Friday, October 14, 2011

The immortal life of Henrietta Lacks by Rebecca Skloot

October 2011
This book tells the story of the woman whose cells were the first cells to be successfully reproduced in a laboratory. A discovery that changed the history of medicine. In 1951, an African American woman, Henrietta Lacks was diagnosed with terminal cervical cancer. Cells were taken from her cervix without her consent and were brought to a laboratory were they not only kept alive but reproduced fro the first time in history. For 60 years these cells (HeLa) have been used and commercialized in different experiments leading to the development of the polio vaccine, cloning, gene mapping and more; and have generated millions of dollars in profit to medical researchers.
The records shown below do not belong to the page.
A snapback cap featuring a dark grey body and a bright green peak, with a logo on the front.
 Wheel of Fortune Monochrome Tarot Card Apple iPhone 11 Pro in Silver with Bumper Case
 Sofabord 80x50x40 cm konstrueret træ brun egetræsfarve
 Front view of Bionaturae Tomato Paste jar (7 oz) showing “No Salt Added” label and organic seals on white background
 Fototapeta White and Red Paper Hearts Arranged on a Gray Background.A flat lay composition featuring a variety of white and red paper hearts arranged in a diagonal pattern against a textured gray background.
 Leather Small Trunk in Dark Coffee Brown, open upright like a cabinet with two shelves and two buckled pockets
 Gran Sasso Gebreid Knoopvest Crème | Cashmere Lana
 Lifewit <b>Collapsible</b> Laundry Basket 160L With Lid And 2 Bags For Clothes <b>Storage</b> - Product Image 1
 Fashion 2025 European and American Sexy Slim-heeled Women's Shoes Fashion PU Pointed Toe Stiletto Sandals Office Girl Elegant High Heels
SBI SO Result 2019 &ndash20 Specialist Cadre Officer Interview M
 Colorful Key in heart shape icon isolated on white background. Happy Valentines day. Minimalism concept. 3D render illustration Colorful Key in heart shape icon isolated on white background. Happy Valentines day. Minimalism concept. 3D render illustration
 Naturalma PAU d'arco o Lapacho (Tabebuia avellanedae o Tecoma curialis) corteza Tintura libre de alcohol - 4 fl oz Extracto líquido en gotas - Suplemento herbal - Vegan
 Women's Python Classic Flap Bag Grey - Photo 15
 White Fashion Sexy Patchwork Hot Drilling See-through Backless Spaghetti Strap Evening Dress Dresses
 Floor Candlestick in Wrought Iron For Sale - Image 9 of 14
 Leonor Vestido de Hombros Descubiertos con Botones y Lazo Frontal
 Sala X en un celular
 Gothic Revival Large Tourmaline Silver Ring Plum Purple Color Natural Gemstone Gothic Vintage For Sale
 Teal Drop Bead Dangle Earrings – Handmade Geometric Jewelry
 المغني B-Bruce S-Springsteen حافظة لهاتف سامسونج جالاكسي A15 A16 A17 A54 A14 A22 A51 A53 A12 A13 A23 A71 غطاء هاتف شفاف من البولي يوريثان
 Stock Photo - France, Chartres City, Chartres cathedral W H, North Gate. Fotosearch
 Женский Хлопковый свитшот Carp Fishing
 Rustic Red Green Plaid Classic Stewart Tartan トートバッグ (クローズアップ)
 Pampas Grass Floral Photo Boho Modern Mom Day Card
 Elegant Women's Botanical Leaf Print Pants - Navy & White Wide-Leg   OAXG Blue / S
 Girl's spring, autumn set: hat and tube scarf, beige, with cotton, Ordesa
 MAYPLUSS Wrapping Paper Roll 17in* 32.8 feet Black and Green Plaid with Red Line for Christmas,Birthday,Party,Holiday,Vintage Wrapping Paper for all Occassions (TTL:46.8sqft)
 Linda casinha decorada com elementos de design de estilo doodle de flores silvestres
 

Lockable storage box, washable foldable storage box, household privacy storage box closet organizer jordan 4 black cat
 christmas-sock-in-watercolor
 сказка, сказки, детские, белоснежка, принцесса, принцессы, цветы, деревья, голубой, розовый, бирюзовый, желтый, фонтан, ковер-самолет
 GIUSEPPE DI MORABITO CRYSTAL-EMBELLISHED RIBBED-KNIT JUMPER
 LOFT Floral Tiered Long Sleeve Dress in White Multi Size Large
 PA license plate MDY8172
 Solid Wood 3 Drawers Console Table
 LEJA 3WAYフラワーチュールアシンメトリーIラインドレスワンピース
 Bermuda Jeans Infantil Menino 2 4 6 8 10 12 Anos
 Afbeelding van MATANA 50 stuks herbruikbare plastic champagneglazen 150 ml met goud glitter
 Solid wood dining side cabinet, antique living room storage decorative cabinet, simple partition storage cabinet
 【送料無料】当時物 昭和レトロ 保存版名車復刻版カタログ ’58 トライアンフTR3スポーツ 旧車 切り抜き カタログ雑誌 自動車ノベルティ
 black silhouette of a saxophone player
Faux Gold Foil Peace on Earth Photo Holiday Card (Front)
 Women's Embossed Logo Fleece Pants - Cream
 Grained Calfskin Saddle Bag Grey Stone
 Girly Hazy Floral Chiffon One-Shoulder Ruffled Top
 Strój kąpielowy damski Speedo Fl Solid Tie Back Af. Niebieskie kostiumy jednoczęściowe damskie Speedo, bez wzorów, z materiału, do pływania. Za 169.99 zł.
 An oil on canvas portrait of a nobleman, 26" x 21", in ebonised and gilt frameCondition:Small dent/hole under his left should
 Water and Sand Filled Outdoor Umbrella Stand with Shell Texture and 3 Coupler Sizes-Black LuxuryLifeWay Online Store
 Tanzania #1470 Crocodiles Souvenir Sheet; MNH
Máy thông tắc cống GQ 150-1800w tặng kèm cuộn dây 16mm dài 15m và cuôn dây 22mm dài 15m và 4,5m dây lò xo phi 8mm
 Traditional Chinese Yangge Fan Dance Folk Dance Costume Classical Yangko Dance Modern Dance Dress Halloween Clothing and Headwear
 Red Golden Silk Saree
Her family didn't know that her cells existed until 20 years after Henrietta's death. A discovery that changed their life making them feel betrayed, angry and cheated but also eager to learn about their's mother contribution to the world. "Immortal Life" reads like a novel. The prose is unadorned, crisp and transparent. Skloot frequently glides into section and chapter breaks with thought-provoking quotations from interview subjects. This technique sometimes lets well-meaning scientists demonstrate through naivete how easy it is to objectify human research subjects. Years later, Gey's lab assistant Mary Kubicek told Skloot about Lacks's autopsy: "When I saw those toenails, I nearly fainted. I thought, Oh jeez, she's a real person." Eric Roston. Washington Post. http://www.washingtonpost.com/wp-dyn/content/article/2010/01/29/AR2010012902147.html

Welfare Brat: A Memoir by Mary Childers

October 2011

Last week I finished reading the book Welfare Brat for my Bookclub. After reading the first few pages, I was not to enthusiastic about it. I felt that the story all along was going to be negative and gloomy, but I kept reading and found myself attracted and move by the story. The book is written in a way that is very easy to read. It is a sequence of recollected events events from the writer's life between the ages of 10 to 17. It talks about prejudice, about how people are a result of what they have learned and seen, but also the most important aspect is that it shows that hard work and education can change a path and the story of a person can be written in a different way.